+++ PROVIDED DATA +++

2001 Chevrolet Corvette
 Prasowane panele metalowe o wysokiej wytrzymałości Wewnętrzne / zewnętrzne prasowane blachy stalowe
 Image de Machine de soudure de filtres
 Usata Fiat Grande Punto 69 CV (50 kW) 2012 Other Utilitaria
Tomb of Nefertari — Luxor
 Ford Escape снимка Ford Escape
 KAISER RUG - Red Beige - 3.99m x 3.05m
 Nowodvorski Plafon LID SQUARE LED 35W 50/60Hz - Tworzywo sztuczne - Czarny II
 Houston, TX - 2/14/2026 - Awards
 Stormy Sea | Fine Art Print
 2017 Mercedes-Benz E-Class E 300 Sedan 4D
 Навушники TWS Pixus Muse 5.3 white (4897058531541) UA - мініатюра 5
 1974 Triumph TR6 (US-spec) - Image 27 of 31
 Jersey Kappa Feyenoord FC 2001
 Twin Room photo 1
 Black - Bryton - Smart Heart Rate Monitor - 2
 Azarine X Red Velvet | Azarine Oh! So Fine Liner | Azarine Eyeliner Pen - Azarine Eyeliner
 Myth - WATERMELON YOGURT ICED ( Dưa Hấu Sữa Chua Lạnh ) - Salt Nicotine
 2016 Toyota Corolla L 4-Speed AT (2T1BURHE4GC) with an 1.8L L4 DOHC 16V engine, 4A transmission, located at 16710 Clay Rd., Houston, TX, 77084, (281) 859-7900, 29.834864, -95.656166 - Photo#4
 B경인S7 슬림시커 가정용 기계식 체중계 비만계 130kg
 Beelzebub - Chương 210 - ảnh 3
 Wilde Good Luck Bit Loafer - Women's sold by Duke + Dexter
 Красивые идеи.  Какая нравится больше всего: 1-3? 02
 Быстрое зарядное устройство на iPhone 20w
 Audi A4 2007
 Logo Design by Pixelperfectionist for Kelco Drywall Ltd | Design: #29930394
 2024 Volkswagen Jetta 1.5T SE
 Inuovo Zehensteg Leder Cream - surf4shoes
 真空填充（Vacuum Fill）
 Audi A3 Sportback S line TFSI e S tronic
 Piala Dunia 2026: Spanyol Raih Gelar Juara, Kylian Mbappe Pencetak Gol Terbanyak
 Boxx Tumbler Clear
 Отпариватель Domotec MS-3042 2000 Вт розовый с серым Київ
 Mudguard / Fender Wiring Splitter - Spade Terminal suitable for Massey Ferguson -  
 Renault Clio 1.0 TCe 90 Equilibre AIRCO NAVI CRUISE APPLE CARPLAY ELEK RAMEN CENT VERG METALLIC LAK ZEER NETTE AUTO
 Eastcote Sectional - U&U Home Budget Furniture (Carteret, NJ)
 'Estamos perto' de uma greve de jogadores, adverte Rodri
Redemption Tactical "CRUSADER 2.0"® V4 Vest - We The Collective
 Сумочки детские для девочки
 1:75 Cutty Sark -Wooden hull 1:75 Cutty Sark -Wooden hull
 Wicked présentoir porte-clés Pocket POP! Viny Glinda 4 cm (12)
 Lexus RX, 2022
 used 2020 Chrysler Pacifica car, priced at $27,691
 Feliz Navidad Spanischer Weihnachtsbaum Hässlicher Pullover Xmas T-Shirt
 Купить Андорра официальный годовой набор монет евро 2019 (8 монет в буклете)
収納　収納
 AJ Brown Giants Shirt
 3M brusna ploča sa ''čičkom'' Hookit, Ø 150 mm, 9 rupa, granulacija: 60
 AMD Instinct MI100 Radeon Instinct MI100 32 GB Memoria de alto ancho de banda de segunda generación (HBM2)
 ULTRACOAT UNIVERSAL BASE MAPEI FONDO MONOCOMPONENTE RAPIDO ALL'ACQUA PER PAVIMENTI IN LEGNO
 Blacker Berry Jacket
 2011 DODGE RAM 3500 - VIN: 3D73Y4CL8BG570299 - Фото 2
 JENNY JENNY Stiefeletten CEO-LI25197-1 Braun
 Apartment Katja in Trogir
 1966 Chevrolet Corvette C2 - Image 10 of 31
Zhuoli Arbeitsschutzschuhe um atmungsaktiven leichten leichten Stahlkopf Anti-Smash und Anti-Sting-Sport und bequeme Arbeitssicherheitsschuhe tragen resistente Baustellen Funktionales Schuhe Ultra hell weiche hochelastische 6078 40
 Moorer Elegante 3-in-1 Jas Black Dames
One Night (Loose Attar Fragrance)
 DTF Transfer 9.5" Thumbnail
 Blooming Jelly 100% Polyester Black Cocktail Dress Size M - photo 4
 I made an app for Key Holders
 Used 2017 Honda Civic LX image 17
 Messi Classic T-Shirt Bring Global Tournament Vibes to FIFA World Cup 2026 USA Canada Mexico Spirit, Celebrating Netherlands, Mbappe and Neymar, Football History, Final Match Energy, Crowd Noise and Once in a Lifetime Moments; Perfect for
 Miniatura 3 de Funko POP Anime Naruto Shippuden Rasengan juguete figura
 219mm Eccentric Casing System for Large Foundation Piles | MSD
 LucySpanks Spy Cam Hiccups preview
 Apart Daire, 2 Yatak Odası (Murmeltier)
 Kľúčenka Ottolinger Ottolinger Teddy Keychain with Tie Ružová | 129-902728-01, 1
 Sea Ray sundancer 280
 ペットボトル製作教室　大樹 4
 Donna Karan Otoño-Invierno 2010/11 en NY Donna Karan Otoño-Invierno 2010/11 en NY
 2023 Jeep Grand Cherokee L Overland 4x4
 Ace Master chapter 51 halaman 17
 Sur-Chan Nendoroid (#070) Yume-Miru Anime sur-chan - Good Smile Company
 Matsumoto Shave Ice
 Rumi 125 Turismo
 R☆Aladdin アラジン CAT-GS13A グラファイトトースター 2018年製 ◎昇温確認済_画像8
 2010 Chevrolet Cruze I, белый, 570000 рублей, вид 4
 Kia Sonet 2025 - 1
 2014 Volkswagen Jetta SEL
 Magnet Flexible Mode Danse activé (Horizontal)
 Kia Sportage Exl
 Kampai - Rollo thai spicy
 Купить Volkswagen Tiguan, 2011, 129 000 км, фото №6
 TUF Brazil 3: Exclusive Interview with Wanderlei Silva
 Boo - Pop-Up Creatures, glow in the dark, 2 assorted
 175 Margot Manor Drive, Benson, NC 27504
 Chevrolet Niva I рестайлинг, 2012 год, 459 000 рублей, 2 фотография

+++

ACTION ITEM: Retype only the lines above between the line with "2016 Toyota Corolla" and the line with "Beelzebub - Chương 210 - ảnh 3", counting those two lines as well, and keep every character as it is.

FINAL ANSWER:
 2016 Toyota Corolla L 4-Speed AT (2T1BURHE4GC) with an 1.8L L4 DOHC 16V engine, 4A transmission, located at 16710 Clay Rd., Houston, TX, 77084, (281) 859-7900, 29.834864, -95.656166 - Photo#4
 B경인S7 슬림시커 가정용 기계식 체중계 비만계 130kg
 Beelzebub - Chương 210 - ảnh 3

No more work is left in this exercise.